# Can anyone guess her breed?



## steph89 (Mar 30, 2015)

This is our pound dog, we are not sure what breeds shes mixed with but the shelter says she is pointer X. Does anyone recognise other breeds in her?

Thanks


----------



## steph89 (Mar 30, 2015)

here are some more pictures


----------



## Deb Gray (Jan 9, 2015)

I search it on google and I think it is similar to german shorthaired dogs but I'm not sure about it.


----------



## CandyLeopard (Oct 14, 2013)

Her face reminds me of a bully. So I will guess Pointer x Pitbull.
She's very pretty.


----------



## steph89 (Mar 30, 2015)

Oh thank you so much for your response! ^.^ Yes she does look like a german shorthaired, which is strange because she doesn't behave like a sporting dog she likes to sleep


----------



## steph89 (Mar 30, 2015)

Thank you so much for your response  yes her face does look like a pitbull breed. When I first saw her I didn't notice the pitbull features but her ears, eyes and skull does look bully shaped. Hopefully she will put on some more weight. The pound here in New Zealand euthanises pitbull breeds but I guess she got lucky because she is mixed breed  Do you have dogs of your own?


----------



## Whistlejacket (Jul 26, 2012)

The only thing that could make me think GSP would be her colour and ticking... her face looks very pitbull-y to me! Do you have full body shots of her?


----------



## jade5280 (Feb 20, 2013)

What a unique looking dog, very pretty! My guess would be GSPxPitbull or other bully breed.


----------



## Amaryllis (Dec 28, 2011)

Pointers can have very pitty-ish faces. It's possible pit isn't part of the mix. Hunting dogs are very commonly lazy indoors.


----------



## steph89 (Mar 30, 2015)

Here are some body shots, she didn't stand up, she was too busy doing her morning stretches. She's still too skinny but we've only had her for a week. Do pittbulls ever get spots like this?


----------



## steph89 (Mar 30, 2015)

Yeah your right, GSP faces look similar , maybe if her ears were longer her she could pass for a GSP almost


----------



## steph89 (Mar 30, 2015)

Thank you  we never considered getting a pittbull mix so it was abit of a surprise. Your doggies look cute too!! What breed is Ryker? He looks like he's pointing at something in the snow in his picture. Just like a pointer


----------



## taquitos (Oct 18, 2012)

Looking at the body I don't know if she is a Pittie-x.

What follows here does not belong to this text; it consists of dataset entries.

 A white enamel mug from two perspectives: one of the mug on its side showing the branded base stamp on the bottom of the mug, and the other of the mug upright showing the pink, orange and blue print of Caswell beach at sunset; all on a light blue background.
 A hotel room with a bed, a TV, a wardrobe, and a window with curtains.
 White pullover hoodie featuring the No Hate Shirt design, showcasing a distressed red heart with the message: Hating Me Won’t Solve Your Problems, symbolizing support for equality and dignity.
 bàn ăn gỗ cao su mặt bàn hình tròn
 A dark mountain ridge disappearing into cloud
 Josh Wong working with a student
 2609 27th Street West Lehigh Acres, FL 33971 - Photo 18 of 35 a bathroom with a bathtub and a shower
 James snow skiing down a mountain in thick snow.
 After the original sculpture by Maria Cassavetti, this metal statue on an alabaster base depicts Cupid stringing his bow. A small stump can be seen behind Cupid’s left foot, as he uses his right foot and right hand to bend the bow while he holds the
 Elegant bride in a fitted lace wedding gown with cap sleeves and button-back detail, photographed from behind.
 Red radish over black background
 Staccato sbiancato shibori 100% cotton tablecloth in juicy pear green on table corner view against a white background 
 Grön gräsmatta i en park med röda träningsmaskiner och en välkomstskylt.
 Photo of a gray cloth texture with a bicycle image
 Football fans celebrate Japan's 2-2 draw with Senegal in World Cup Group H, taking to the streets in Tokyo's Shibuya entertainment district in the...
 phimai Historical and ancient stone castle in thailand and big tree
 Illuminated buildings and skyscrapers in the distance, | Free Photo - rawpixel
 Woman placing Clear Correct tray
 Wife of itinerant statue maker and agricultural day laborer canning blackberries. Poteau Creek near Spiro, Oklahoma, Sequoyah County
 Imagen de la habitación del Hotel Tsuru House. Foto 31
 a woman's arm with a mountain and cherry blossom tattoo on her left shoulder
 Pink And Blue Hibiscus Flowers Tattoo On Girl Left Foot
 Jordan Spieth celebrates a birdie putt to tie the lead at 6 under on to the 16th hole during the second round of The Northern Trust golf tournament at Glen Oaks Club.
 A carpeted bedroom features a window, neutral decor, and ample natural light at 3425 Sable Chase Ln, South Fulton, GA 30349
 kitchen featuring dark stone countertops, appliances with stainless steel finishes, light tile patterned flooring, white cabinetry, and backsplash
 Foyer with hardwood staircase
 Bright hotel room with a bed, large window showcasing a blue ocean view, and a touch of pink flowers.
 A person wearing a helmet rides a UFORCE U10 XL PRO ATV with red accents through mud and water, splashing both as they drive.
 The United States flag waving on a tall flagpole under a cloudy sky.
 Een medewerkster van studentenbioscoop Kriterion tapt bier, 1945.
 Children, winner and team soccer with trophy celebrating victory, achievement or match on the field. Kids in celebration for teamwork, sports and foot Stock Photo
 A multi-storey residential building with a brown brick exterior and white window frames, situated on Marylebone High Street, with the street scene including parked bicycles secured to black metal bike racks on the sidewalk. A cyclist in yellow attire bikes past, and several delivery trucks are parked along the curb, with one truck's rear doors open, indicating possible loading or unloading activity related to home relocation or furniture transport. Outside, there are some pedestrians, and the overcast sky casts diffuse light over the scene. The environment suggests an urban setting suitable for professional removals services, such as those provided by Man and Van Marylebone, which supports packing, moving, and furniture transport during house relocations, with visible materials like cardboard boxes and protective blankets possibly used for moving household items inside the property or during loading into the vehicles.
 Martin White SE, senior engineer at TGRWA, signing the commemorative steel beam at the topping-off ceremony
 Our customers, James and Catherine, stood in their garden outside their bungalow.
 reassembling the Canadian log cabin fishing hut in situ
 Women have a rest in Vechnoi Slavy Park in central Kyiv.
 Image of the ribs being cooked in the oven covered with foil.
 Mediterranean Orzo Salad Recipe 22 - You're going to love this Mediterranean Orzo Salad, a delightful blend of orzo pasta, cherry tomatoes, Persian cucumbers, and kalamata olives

I would actually say she is looks more like a Pointer x Rat Terrier/JRT (or something similar) mix.

Can you get a shot of her from the side, standing up?

EDIT:

What about a GSP x ACD mix?

Looks awfully similar


----------



## jade5280 (Feb 20, 2013)

steph89 said:


> Thank you  we never considered getting a pittbull mix so it was abit of a surprise. Your doggies look cute too!! What breed is Ryker? He looks like he's pointing at something in the snow in his picture. Just like a pointer


He's a Redbone coonhound, just pretends to be a pointer. I was also going to say maybe there's ACD in your dog like Taquitos mentioned. Body shape reminds me of ACD, but the head is broad. Maybe ACDxGSP?

GSPs can have broad bully looking faces


----------